LLM ideas are disproportionately concentrated around bridge-like opportunities and synthesis methods.

“LLM ideas are disproportionately concentrated around bridge-like opportunities and synthesis methods”

Human paper reference distribution spreads more broadly.

“the human paper reference distribution spreads more broadly across ways of framing gaps and constructing contributions.”

Uncertainties & Omissions

• Omission:Author names and affiliations.

• Omission:Publication venue (conference/journal) or peer-review status.

• Omission:Links to code, datasets, or model weights for reproducibility.

• Omission:Details on the specific LLMs used for idea generation.

• Omission:Quantitative metrics or examples used to 'quantify the divergence'.

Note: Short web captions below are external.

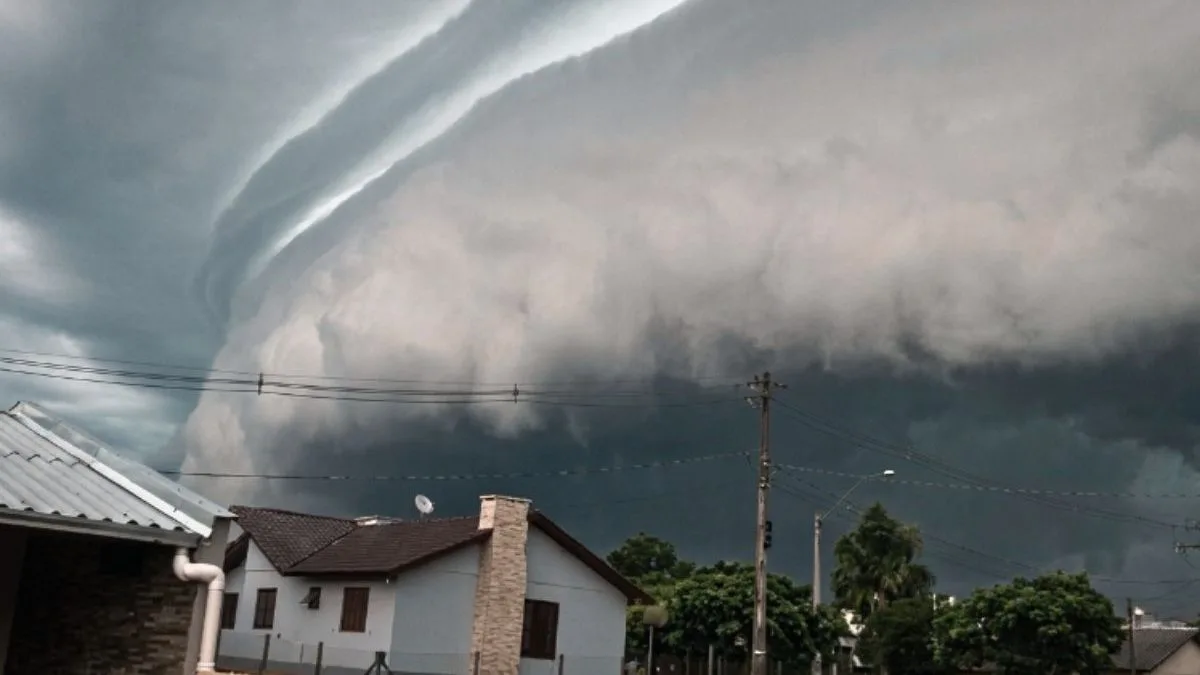 Ciclone extratropical traz ‘chuvarada’ de 200 mm no último fim de semana de agosto; veja onde há risco de inundações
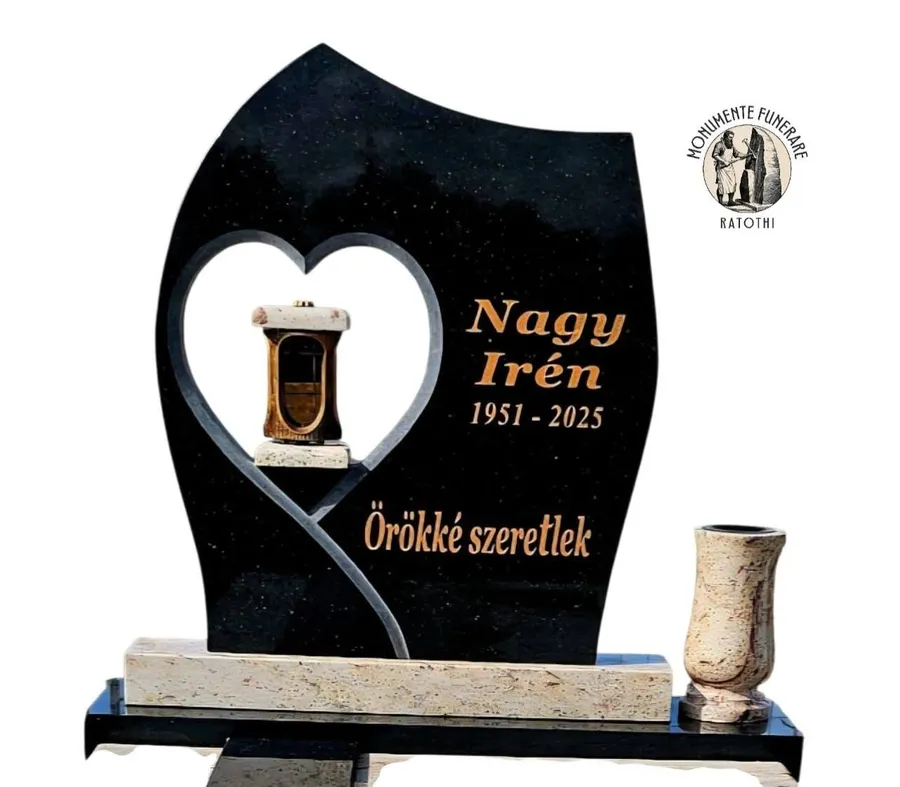Monument din granit negru cu inscripție aurită în limba maghiară
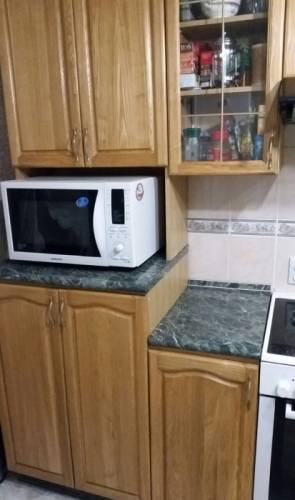 Кухонный набор угловой  3.7м*1.33м, б/у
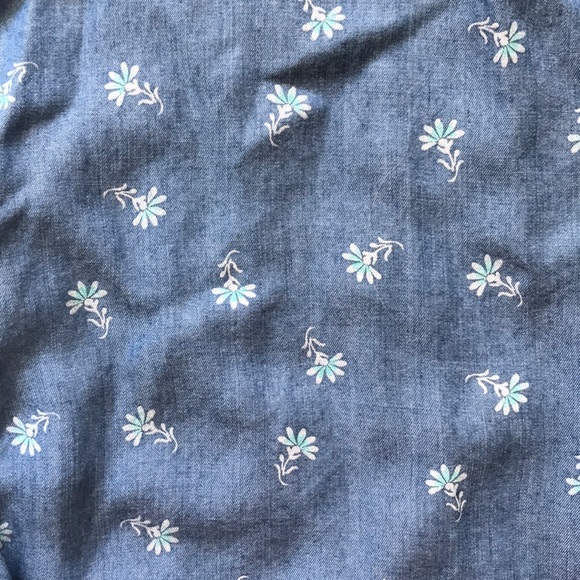 Women’s Floral Longsleeve Button Up - Picture 2 of 2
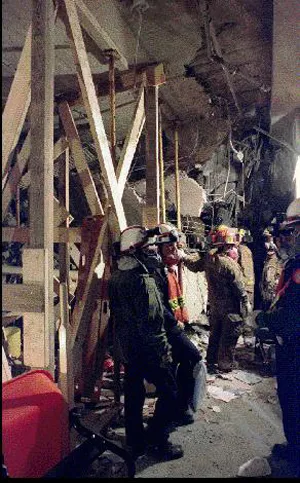 Image: Oklahoma City Bombing - Search and Rescue team surveys the damage (5)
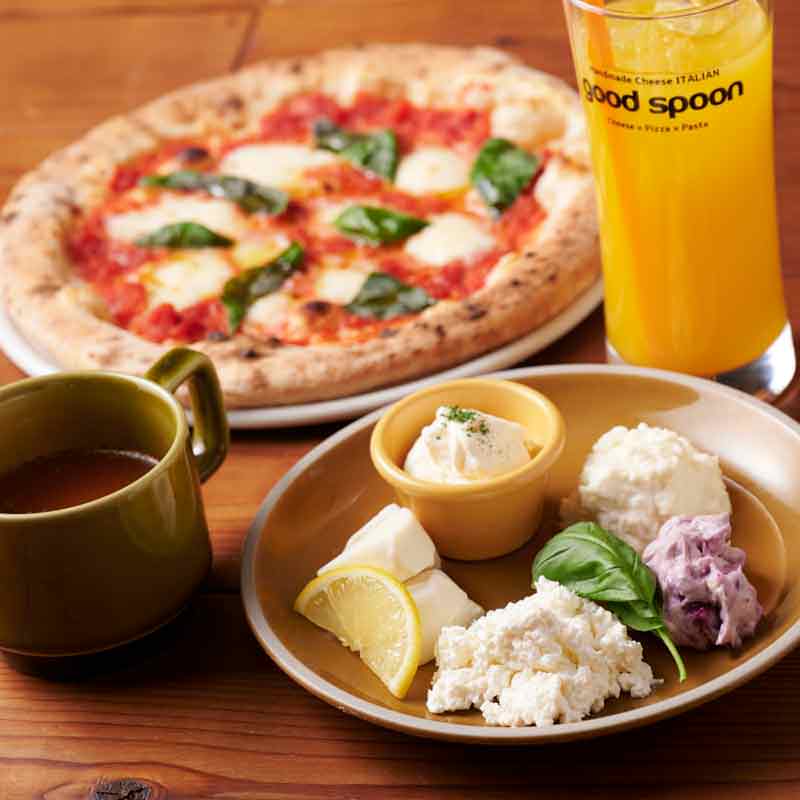 ランチメニュー全品 ☆ 自家製フレッシュチーズが食べ放題!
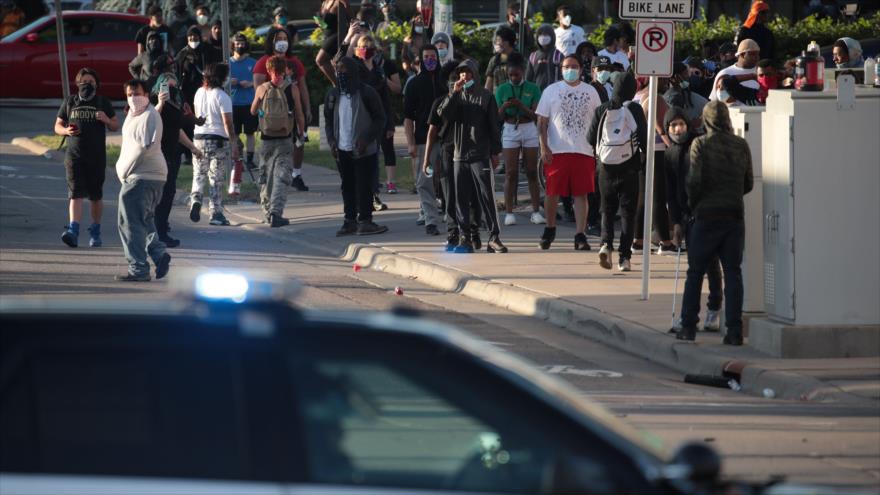 Los manifestantes estadounidenses protestan por el brutal asesinato del afrodescendiente George Floyd en Minneapolis, 28 de mayo de 2020. (Foto: AFP)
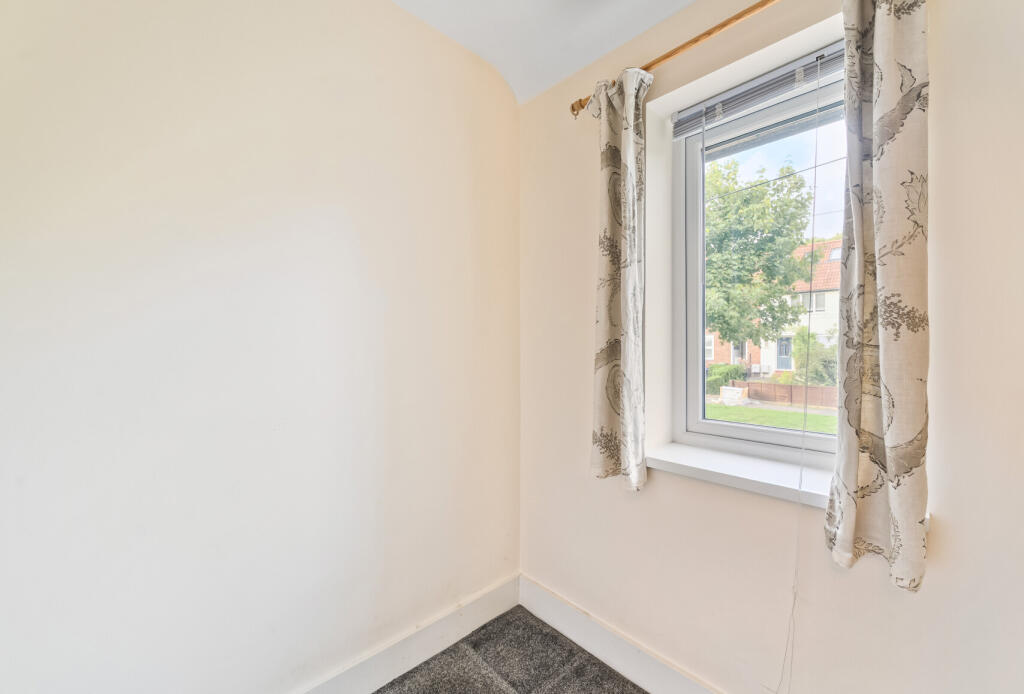 1333835-3-6893393...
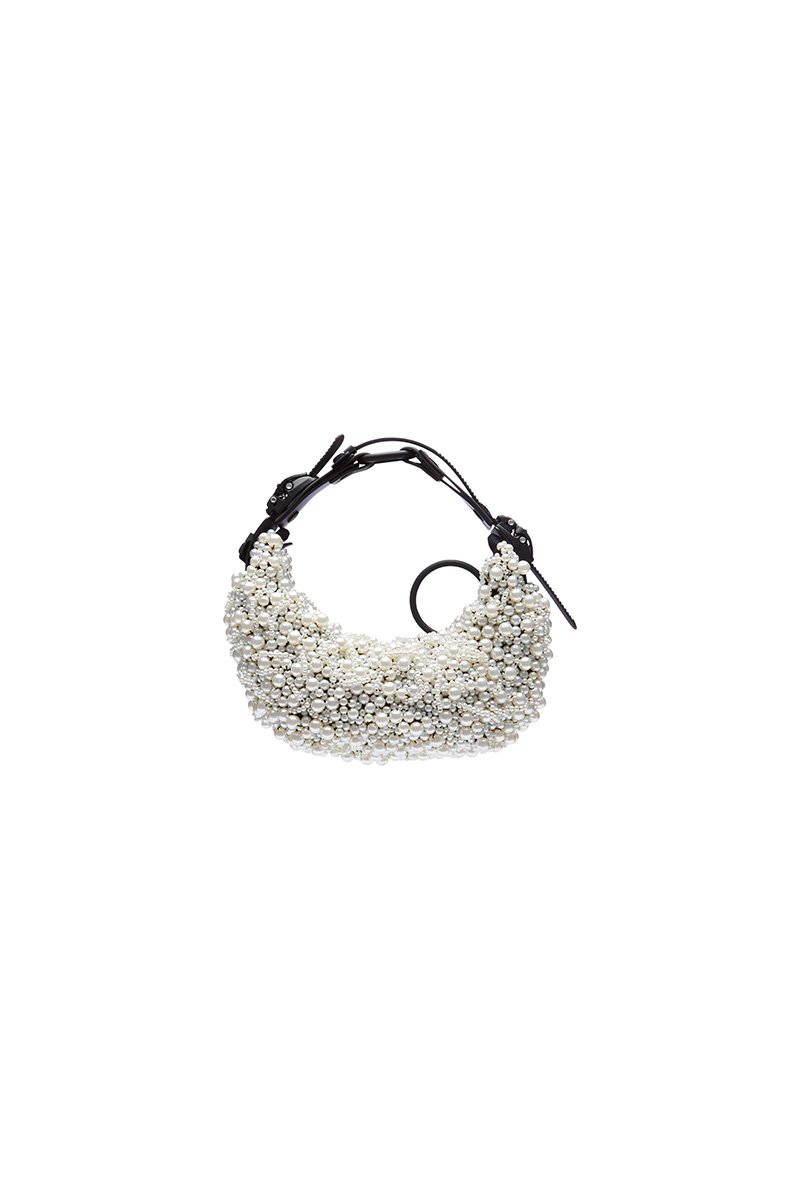 innerraum berlin OBJECT HM0 SMALL PEARLS HANDBAG PEARL WHITE + BLACK MATT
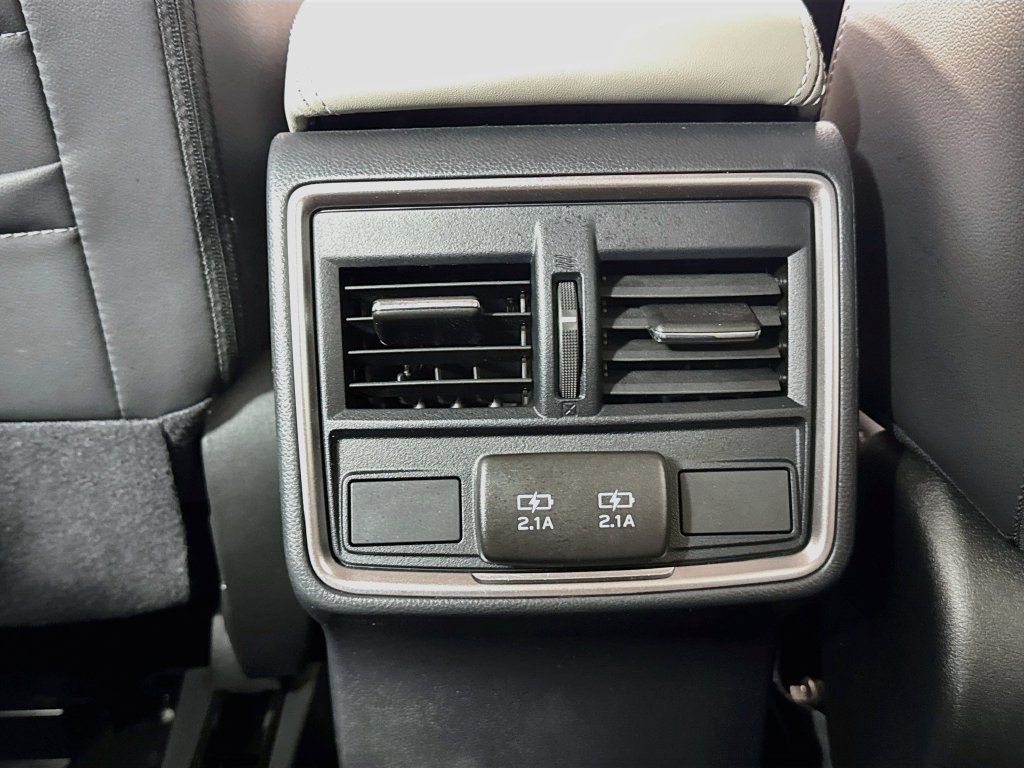 Used 2023 Subaru Forester Limited AWD/4WD image 31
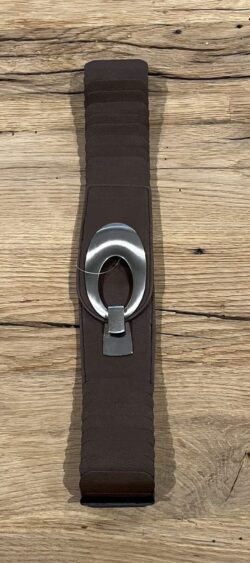 84761. Elastische riem donkerbruin met matte ovale gesp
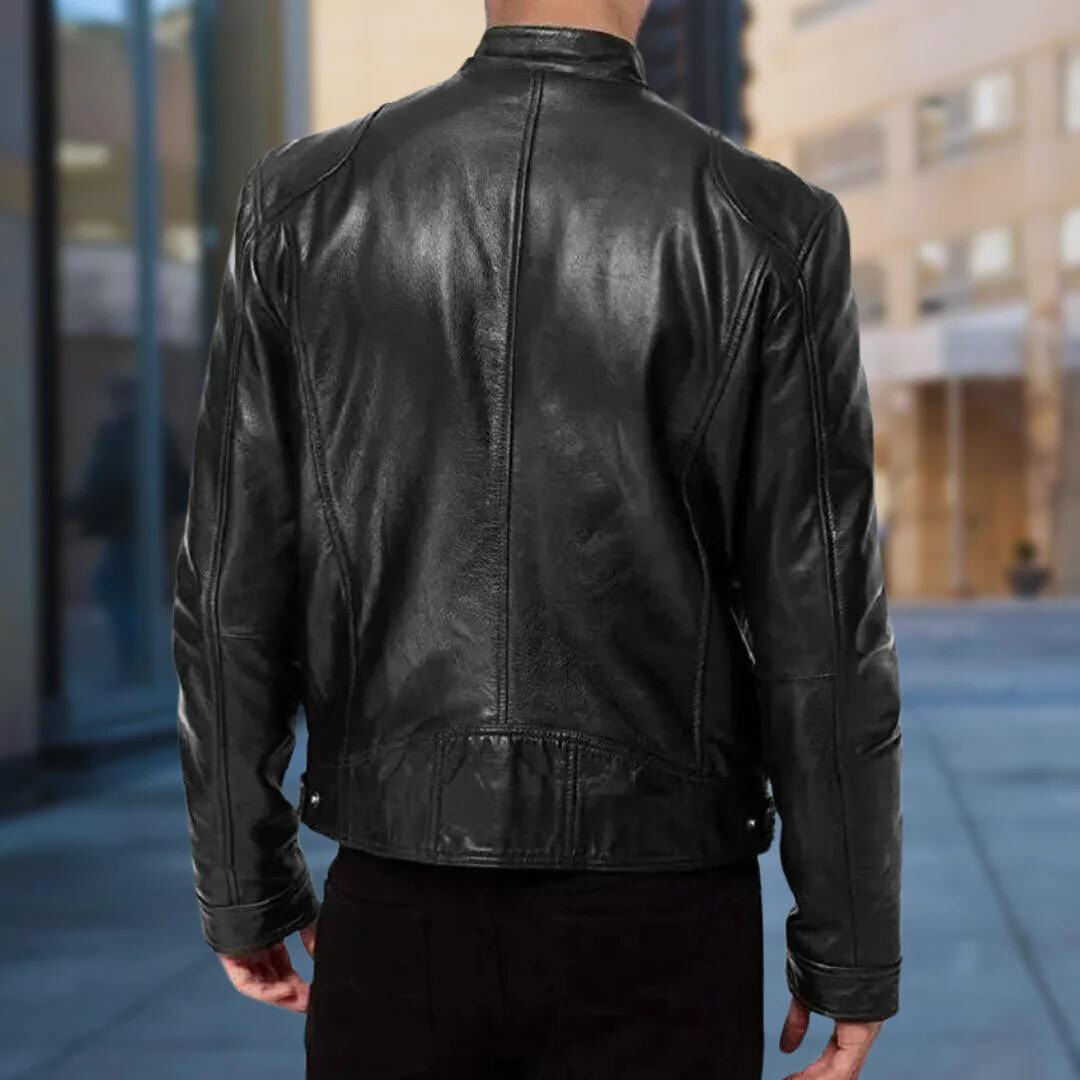 Mann in schwarzer Herren-Lederjacke von hinten mit Ziernähten am Rücken und Bündchen auf einer Straße in der Stadt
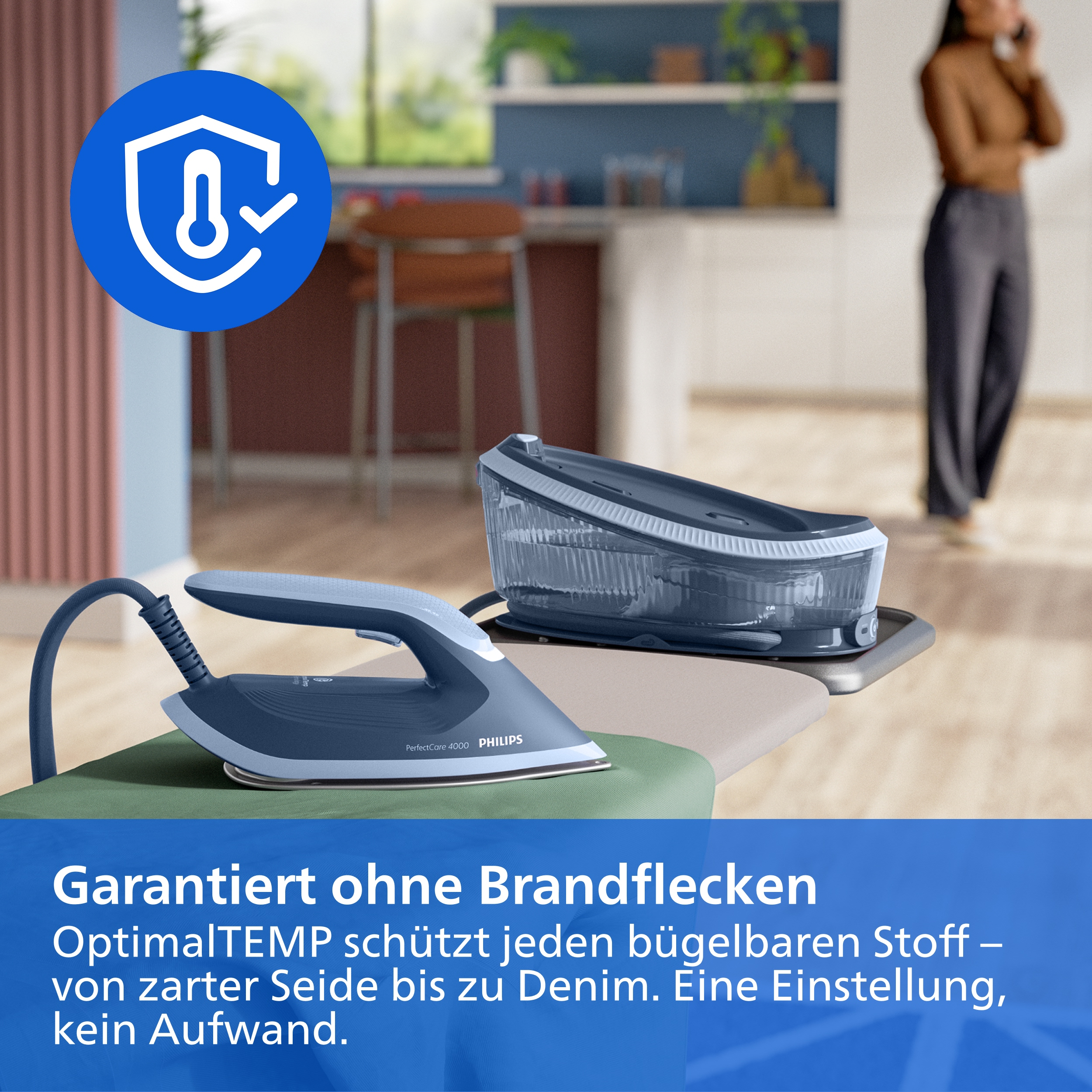 Ein Philips Dampfbügeleisen auf einem Bügelbrett vor einer modern eingerichteten Wohnküche mit einer Person im Hintergrund.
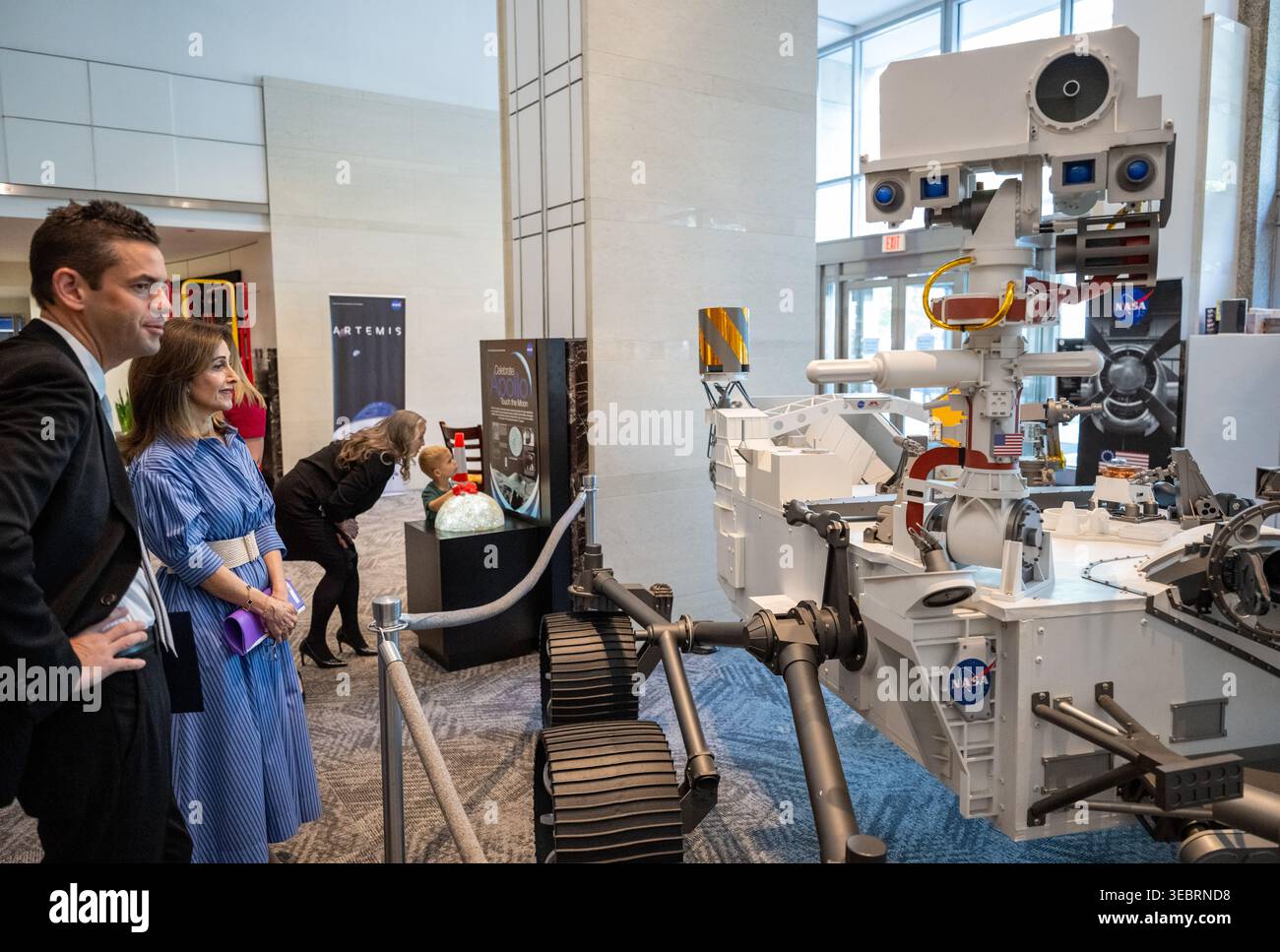 L'amministratore della NASA Jared Isaacman mostra all'Ambasciatrice della Giordania negli Stati Uniti Dina Kawar un modello del Rover Mars 2020 Perseverance prima di una A. Foto Stock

• Uncertainty:The precise operationalization and comprehensive validity of the 'two-axis research-taste taxonomy' across diverse research fields.

• Uncertainty:The generalizability of the observed gap to all research domains and an even broader range of LLM architectures and prompting strategies.

• Uncertainty:Whether the 'reverse-engineering' of prior works fully captures the complex and often multi-faceted inspirations behind human research ideas.